> Short descriptive text snippets:

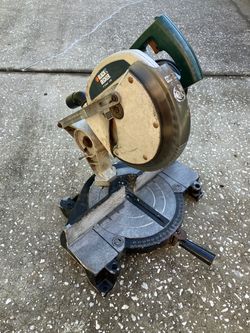10”. Compound Miter Saw B&D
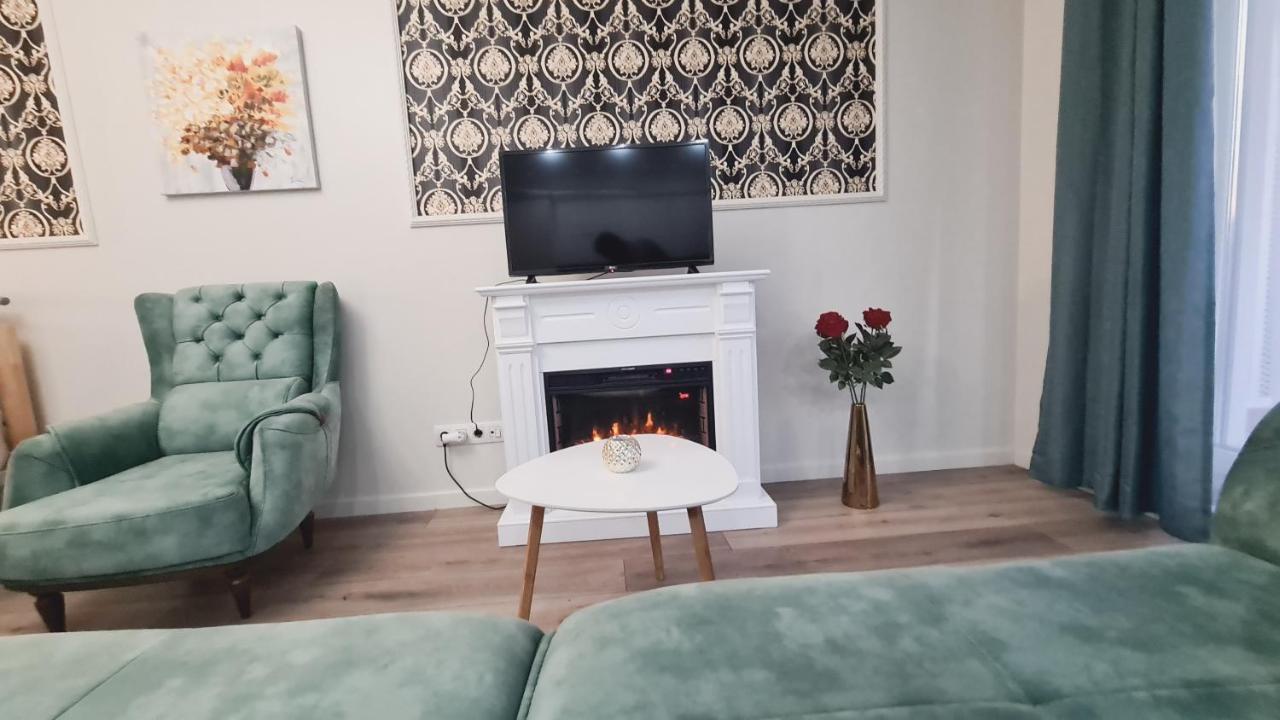 Ferienwohnung 5* Luxury Near Avram Iancu Sq New. Private Parking Cluj-Napoca Exterior foto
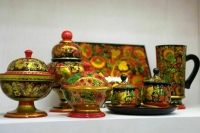 Хохлому и гжель будут отбирать тщательнее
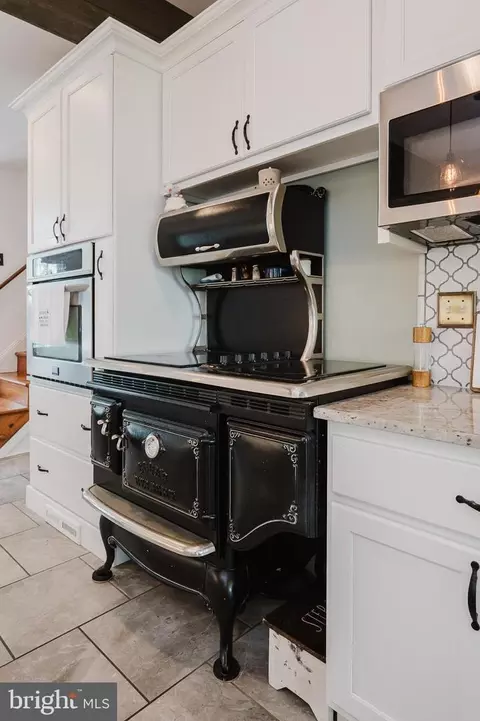 Kitchen - 2500 Rochelle Dr, Fallston, MD 21047 photo 5 of 9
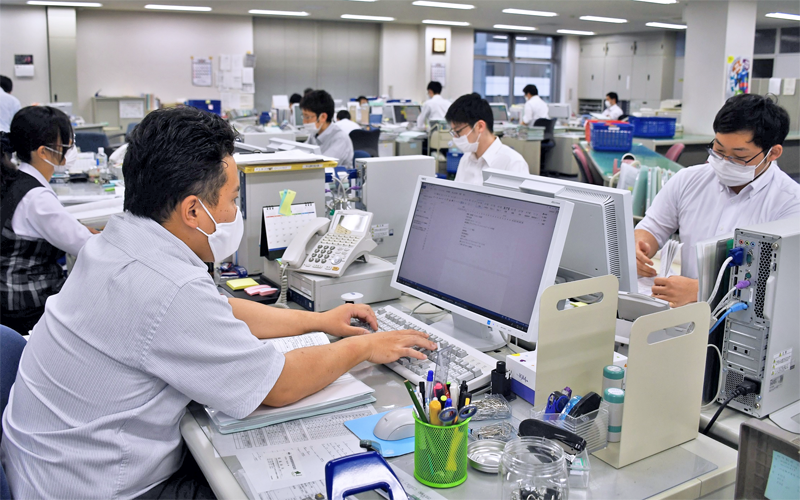 連日、数多くの相談に対応する群馬県信保協本店営業部の職員（６月）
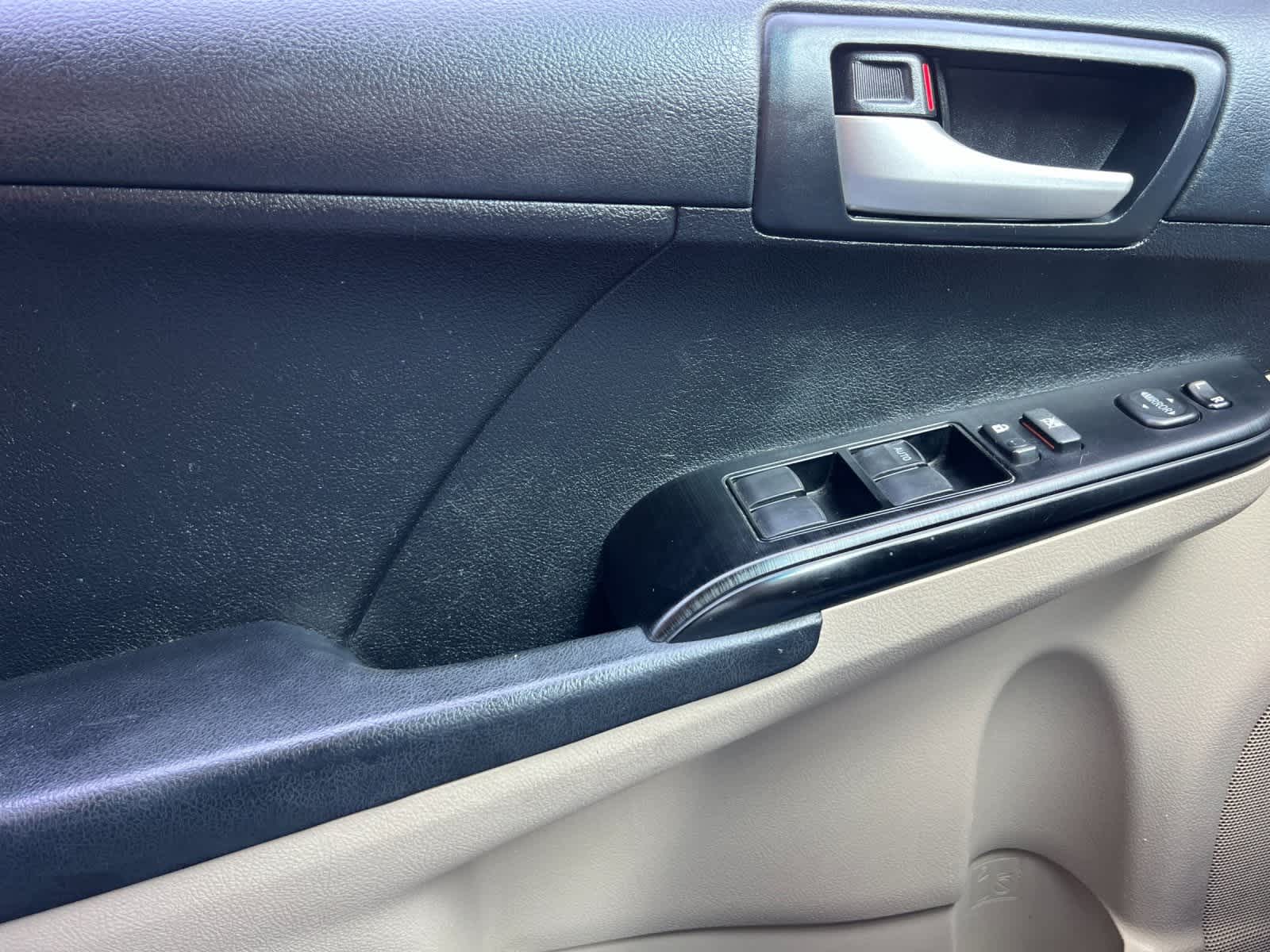 Thumbnail: 2014 Toyota Camry - 13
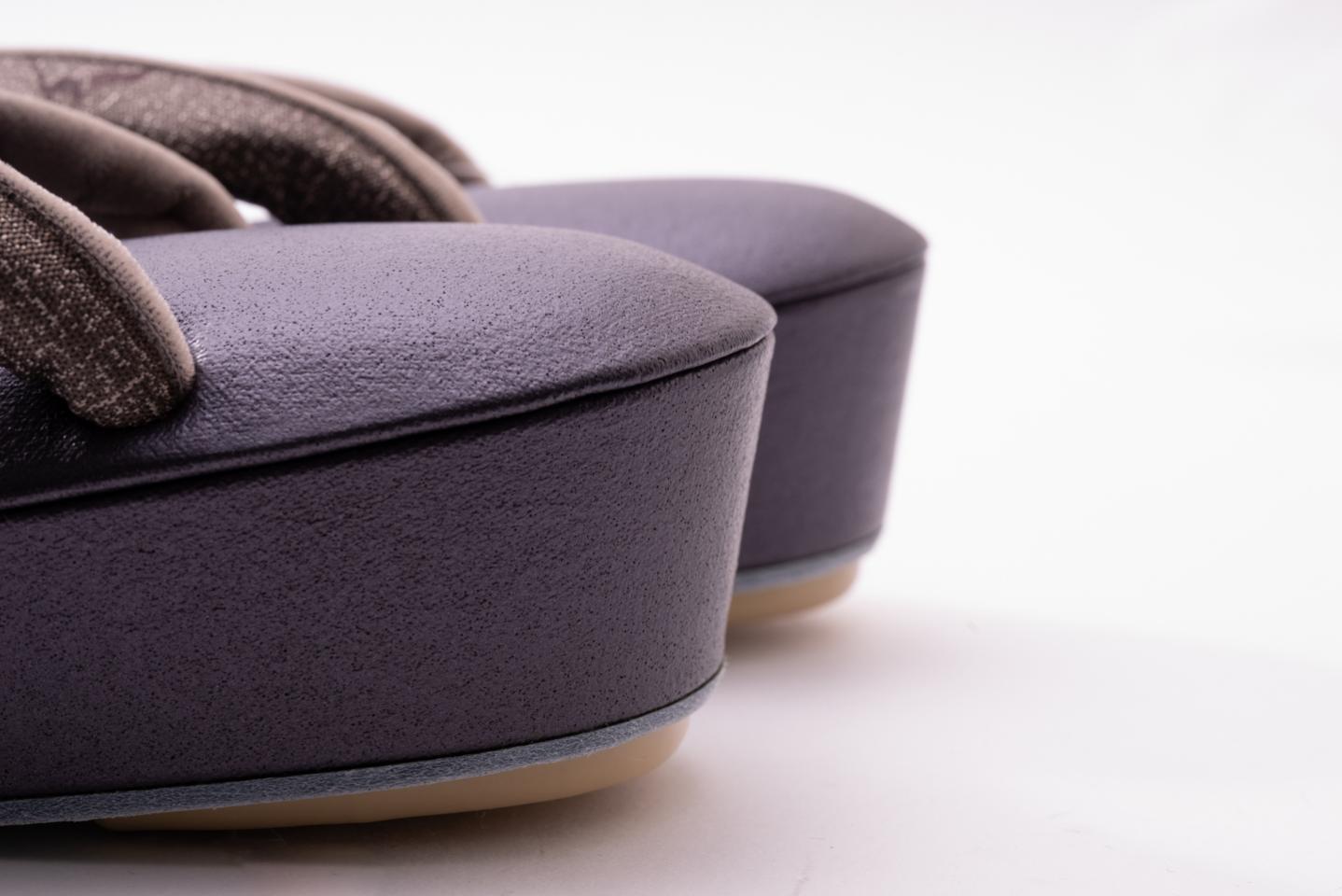 挿上げ【紹巴織の真綿入り草履L ダックジュエル】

> Aim of the task: Although the records contain pictures, transcribe only their text, exactly as written.

> Your solution:
10”. Compound Miter Saw B&D
 Ferienwohnung 5* Luxury Near Avram Iancu Sq New. Private Parking Cluj-Napoca Exterior foto
 Хохлому и гжель будут отбирать тщательнее
 Kitchen - 2500 Rochelle Dr, Fallston, MD 21047 photo 5 of 9
 連日、数多くの相談に対応する群馬県信保協本店営業部の職員（６月）
 Thumbnail: 2014 Toyota Camry - 13
 挿上げ【紹巴織の真綿入り草履L ダックジュエル】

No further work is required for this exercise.